2. The method of claim 1 further comprising determining the maximum
value of the local truncation error by searching a set of local
truncation errors, each local truncation error corresponding to
each of the calculated solutions.
3. The method of claim 1 further comprising, based on the maximum
value of the local truncation error not being greater than the
threshold, accepting the first time step and additionally
determining whether a converge condition is satisfied for the
calculated set of solutions based on the first time step.
4. The method of claim 1 further comprising deriving the set of
nonlinear algebraic equations for the system is derived from a set
of nonlinear differential algebraic equations that describes the
system.
5. The method of claim 1 wherein the system is a circuit.
6. The method of claim 1 further comprising calculating the local
truncation error by using the local truncation error equation, the
local truncation error equation comprises finding a value of
difference, for a node, between each of the calculated set of
solutions at the current time point and a calculated solution, by
using polynomial extrapolation, from a previous time point.
7. The method of claim 1 wherein iteratively calculating the
coupled set of equations generates, at each iteration, a new value
for the first time step that is used to calculate a set of
solutions to the set of nonlinear algebraic equations.
8. A system, comprising: an input device configured to receive a
set of nonlinear differential algebraic equations that describes
the system, and a set of control parameters; a computing resource;
and a storage device coupled to the computing resource, wherein the
storage device is configured to store a plurality of software
instructions, wherein when executed, the software instructions
cause the computing resource to: calculate a set of solutions to
the set of nonlinear algebraic equations by using a value for a
first time step, wherein each of the solutions corresponds to a
node of the system and a time step is an interval between a
previous time point and a current time point; determine whether a
maximum value of local truncation error associated with a first
solution of the set of solutions is greater than a threshold; and
based on the maximum value of the local truncation error being
greater than the threshold, iteratively calculate a coupled set of
equations to generate a second time step so as to make a maximum
value of local truncation error associated with a set of solutions
to the coupled set of equations not greater than the threshold,
wherein the coupled set of equations comprises the received set of
nonlinear algebraic equations and a local truncation error equation
corresponding to the first solution, with a time step that is an
unknown variable in the coupled set of equations.

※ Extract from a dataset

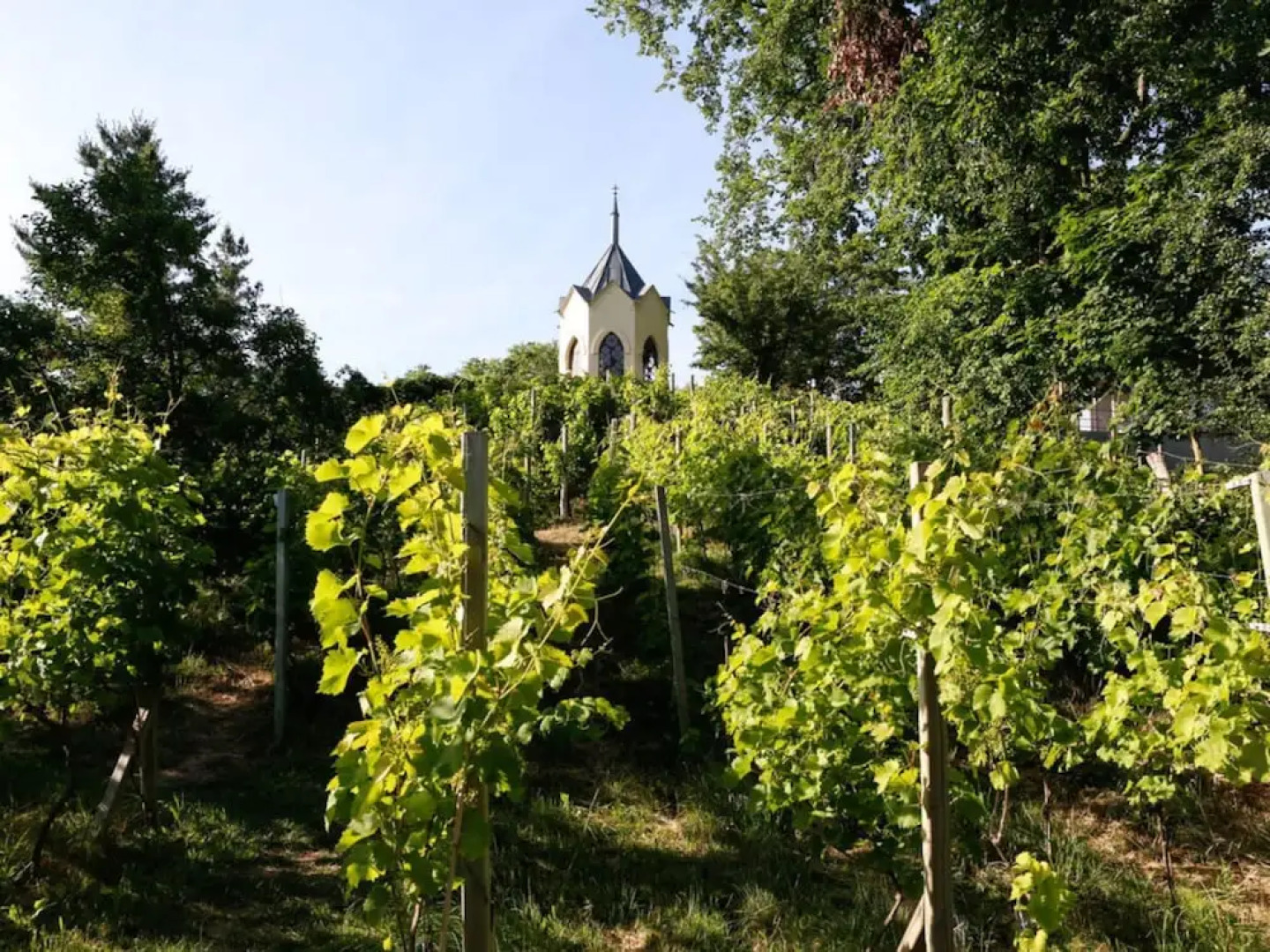 Holiday Apartment in Werder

9. The system of claim 8 wherein the software instructions, when
executed, cause the computing resource to determine the maximum
value of local truncation error by searching a set of local
truncation errors, each local truncation error corresponding to
each of the calculated solutions.
10. The system of claim 8 based on the maximum value of local
truncation error not being greater than the threshold, the software
instructions, when executed, cause the computing resource to:
accept the first time step and additionally determine whether a
converge condition is satisfied for the calculated set of solutions
based on the first time step.
11. The system of claim 8 the system is a circuit.

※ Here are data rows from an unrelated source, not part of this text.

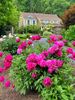 peony-garden.jpg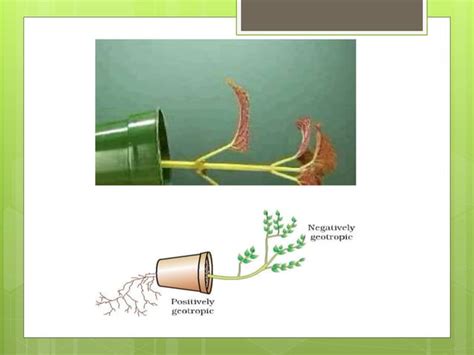 Plant hormones | PPT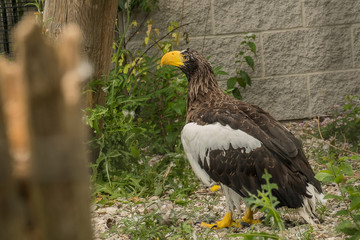 Sea Eagle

12. The system of claim 8 wherein the software instructions, when
executed, cause the computing resource to calculate the local
truncation error by using the local truncation error equation, the
local truncation error equation comprises finding a value of
difference, for a node, between each of the calculated set of
solutions at the current time point and a calculated solution, by
using polynomial extrapolation, from a previous time point.

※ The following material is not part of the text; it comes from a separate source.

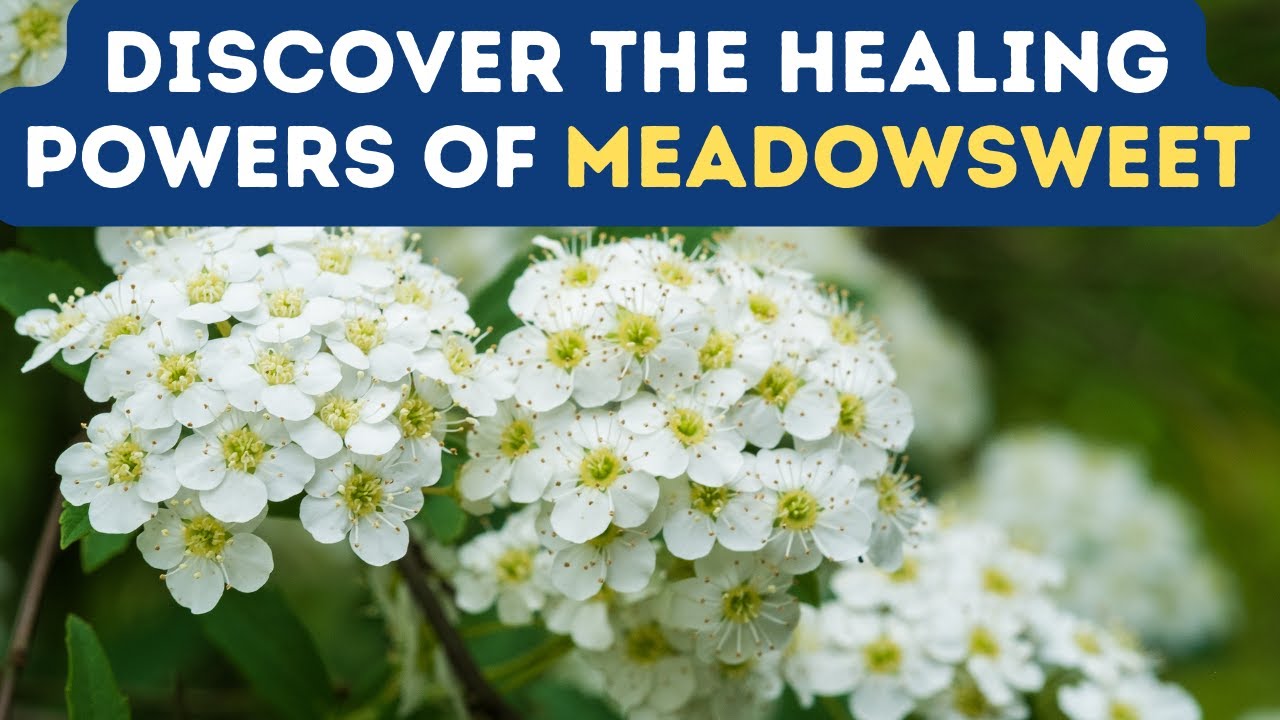 NATURAL ANTI-INFLAMMATORY: Exploring the Benefits of MEADOWSWEET for Joint Health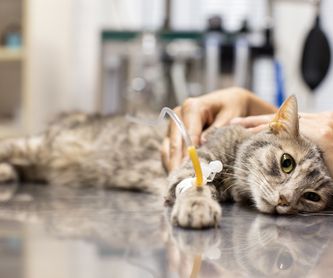 Consulta para gatos: Servicios de Clinica Veterinaria Animalia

13. The system of claim 8 wherein the software instructions, when
executed, cause the computing resource to iteratively calculate the
coupled set of equations to generate, at each iteration, a new
value for the first time step that is used to calculate a set of
solutions to the set of nonlinear algebraic equations.
14. A non-transitory, computer-readable storage device containing
instructions that, when executed by a computing resource, cause the
computing resource to: calculate a set of solutions to the set of
nonlinear algebraic equations by using a value for a first time
step, wherein each of the solutions corresponds to a node of the
system and a time step is an interval between a previous time point
and the current time point; determine whether maximum value of
local truncation error associated with a first solution of the set
of solutions is greater than a threshold; and based on the maximum
value of the local truncation error being greater than the
threshold, iteratively calculate a coupled set of equations to
generate a second time step so as to make a maximum value of local
truncation error associated with a set of solutions to the coupled
set of equations not greater than the threshold, wherein the
coupled set of equations comprises the received set of nonlinear
algebraic equations and a local truncation error equation
corresponding to the first solution, with a time step that is an
unknown variable in the coupled set of equations.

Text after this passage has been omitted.